### EXCERPTED DATA

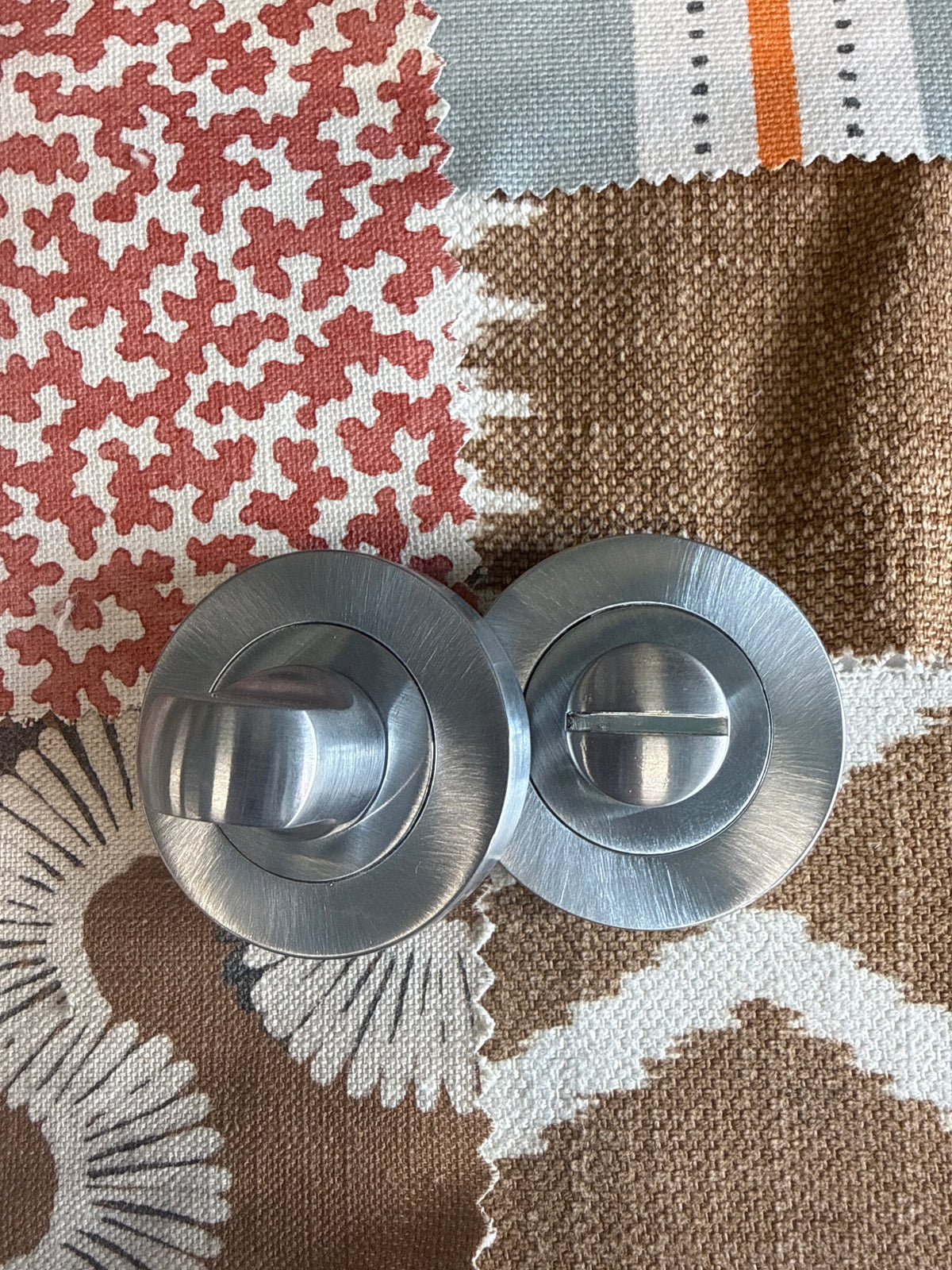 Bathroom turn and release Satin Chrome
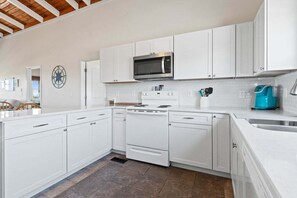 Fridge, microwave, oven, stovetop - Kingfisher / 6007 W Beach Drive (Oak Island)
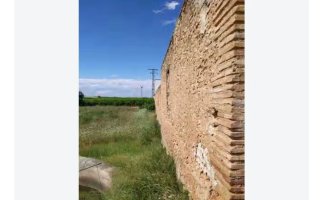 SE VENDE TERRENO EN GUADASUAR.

######
### EXCERPTED DATA

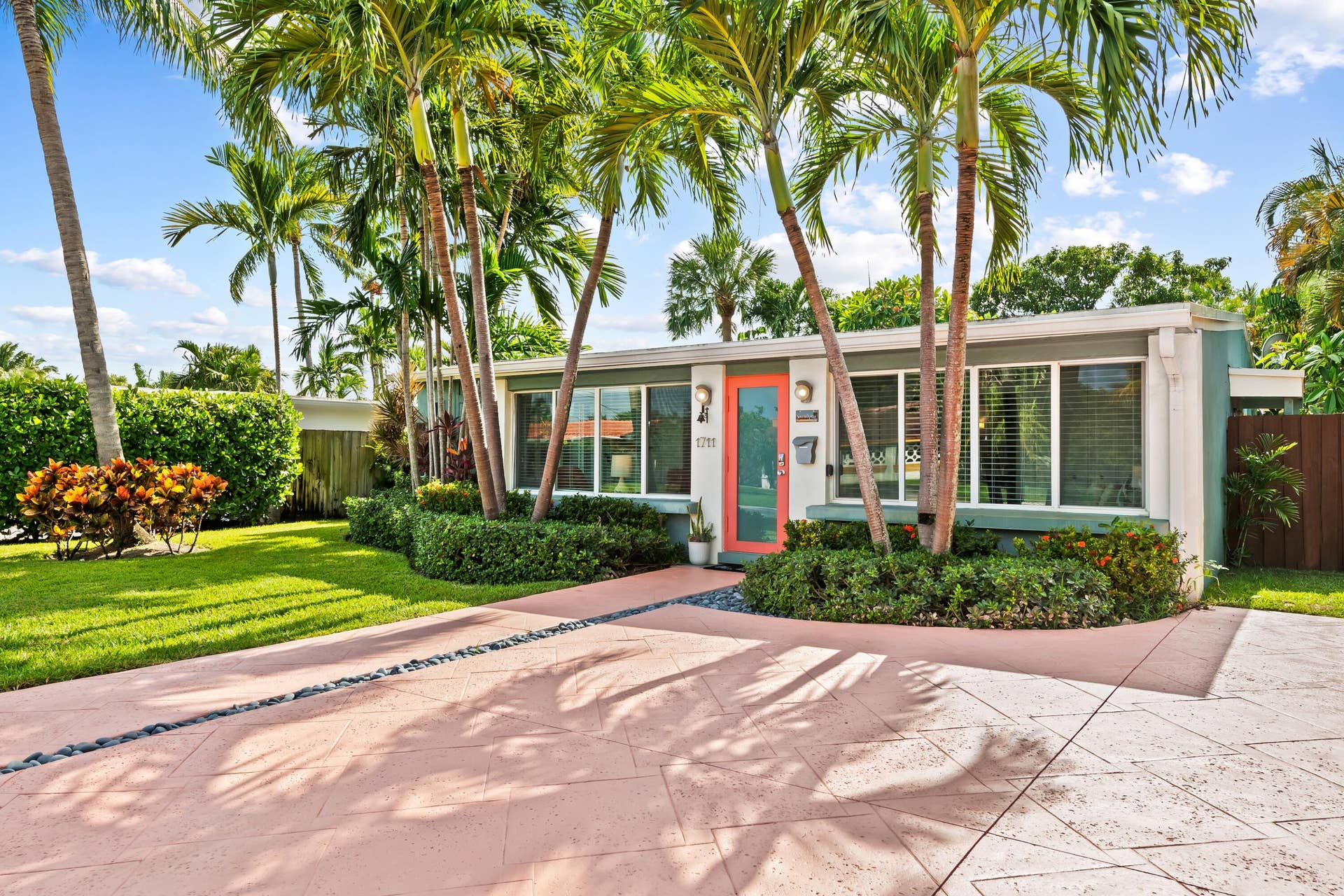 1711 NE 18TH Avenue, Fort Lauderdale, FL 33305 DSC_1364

######
### EXCERPTED DATA

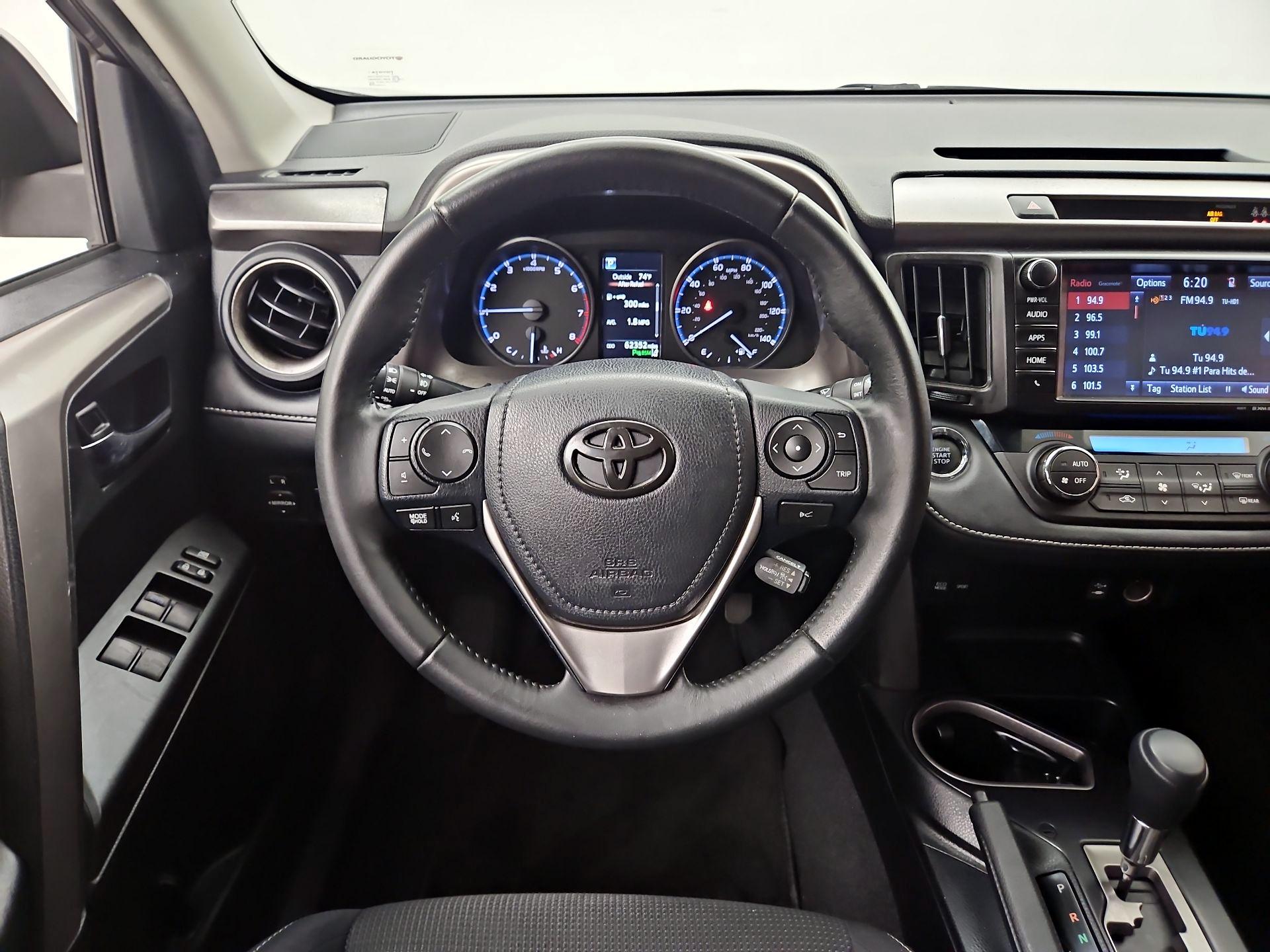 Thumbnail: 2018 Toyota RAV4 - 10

######

## [WORK TO BE COMPLETED]
Write out exactly the run of lines above that starts at the line containing "Bathroom turn and release Satin Chrome" and ends at the line containing "SE VENDE TERRENO EN GUADASUAR.". Include both, and leave the pictures out.

## [RESULT OF THIS EXERCISE]
 Bathroom turn and release Satin Chrome
 Fridge, microwave, oven, stovetop - Kingfisher / 6007 W Beach Drive (Oak Island)
 SE VENDE TERRENO EN GUADASUAR.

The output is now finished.